Am Auffahrtstag montiere ich das vorbereitete Warnplakat im Schaufenster. (Text siehe siehe in der Bildlegende) Dort befindet es sich noch immer.

Juli 2005
Mitteilung der Gemeinde: Die Antennenanlage werde jetzt aufgeschaltet:
Das Pfarrehepaar verlässt das Pfarrhaus. Bei der Einstellung, 2 Jahre zuvor, hat ihnen niemand etwas von der geplanten Anlage erwähnt! Die Einstrahlung ist enorm.
(Das Pfarrhaus befindet sich direkt gegenüber der Kirche, links im Bild)
In der Folge verlassen auch andere Mieter den Kirchplatz. Singvögel nisten keine mehr an ihren angestammten Nistplätzen am Kirchplatz.

Juli 2006
Nach langer Suche hat die Kirchgemeinde für ihr verlassenes (verstrahltes) Pfarrhaus einen idealen Mieter gefunden. Es ist ein Tageshort für Kleinkinder!
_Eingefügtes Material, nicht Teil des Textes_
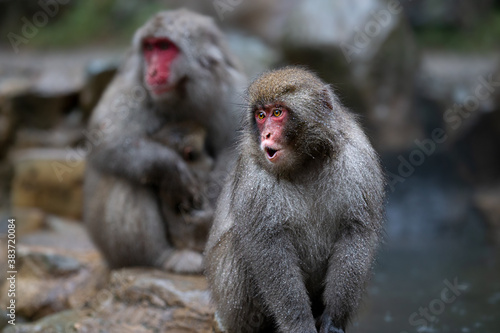 ニホンザル　日本猿 © Shan W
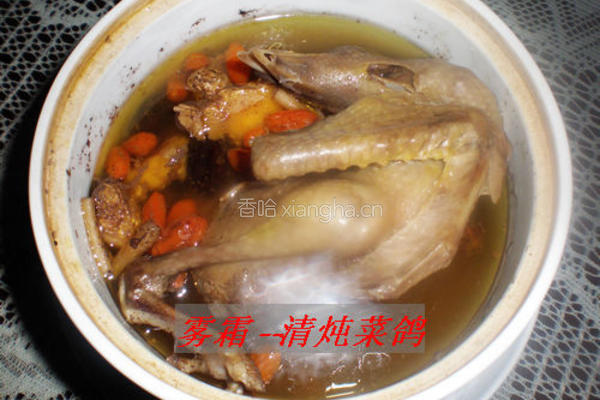 清炖菜鸽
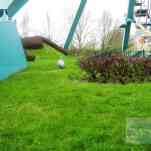 678ccd76b037d_img-0407.jpg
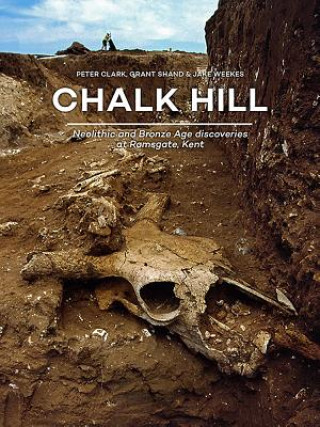 Kniha Chalk Hill Peter Clark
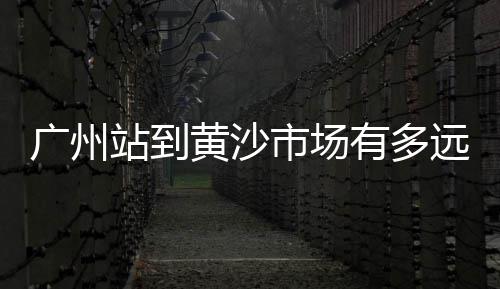 亳州市黄沙水泥批发零售、零售的黄沙多少钱一吨、深圳黄沙零售多少钱一盒、黄埔黄沙零售多少钱一盒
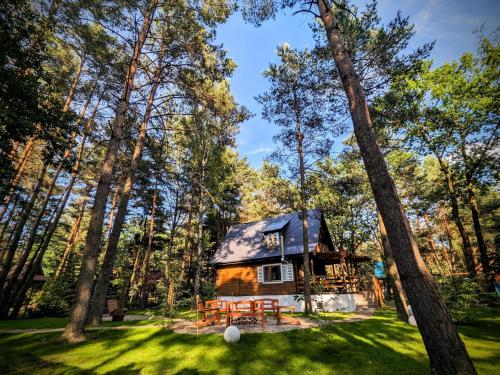 Szumiąca Sosna - Jacuzzi, Ognisko, Sauna, BBQ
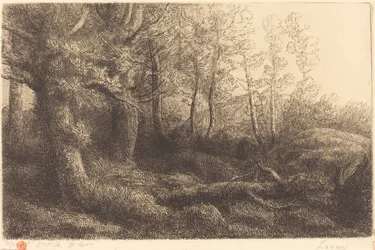 Nella foresta (Lisiere de foret)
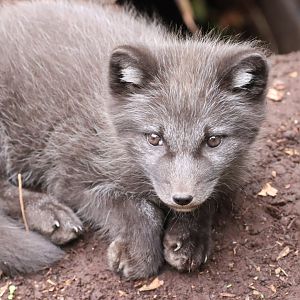 Arctic Fox Kit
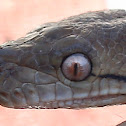 Pitón Reticulado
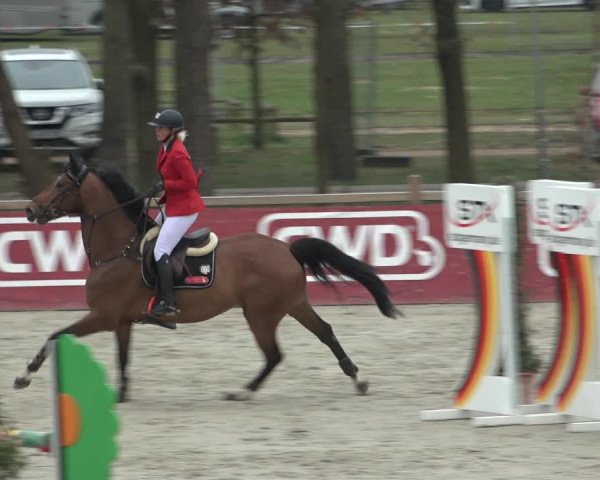 FEI Reitturnier Westergellersen (GER) 2022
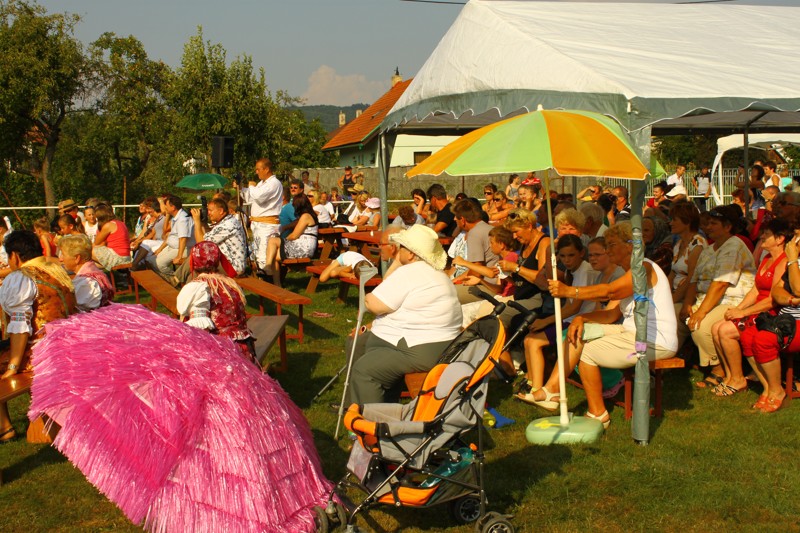 Mikroregion 2013 (78).JPG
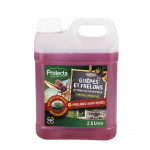 Attractif Protecta Frelons 2,5L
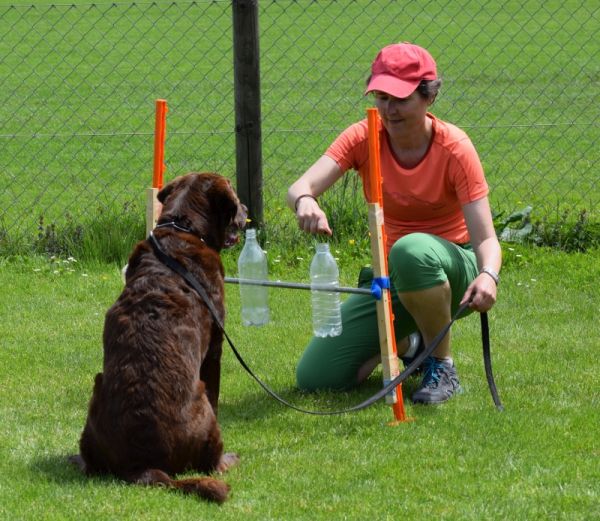 Plauschparcours Frühling 2016 41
Einen positiven Aspekt hat die Anlage dennoch: Die zahlreichen Elstern sind verschwunden und die Spatzennester mit ihren Spuren auf der Terrasse existieren auch nicht mehr.

Ich weiss, man soll solches nicht wünschen, aber meinetwegen kann der Teufel die Anlage samt ihren Bewilligern und Erstellern holen!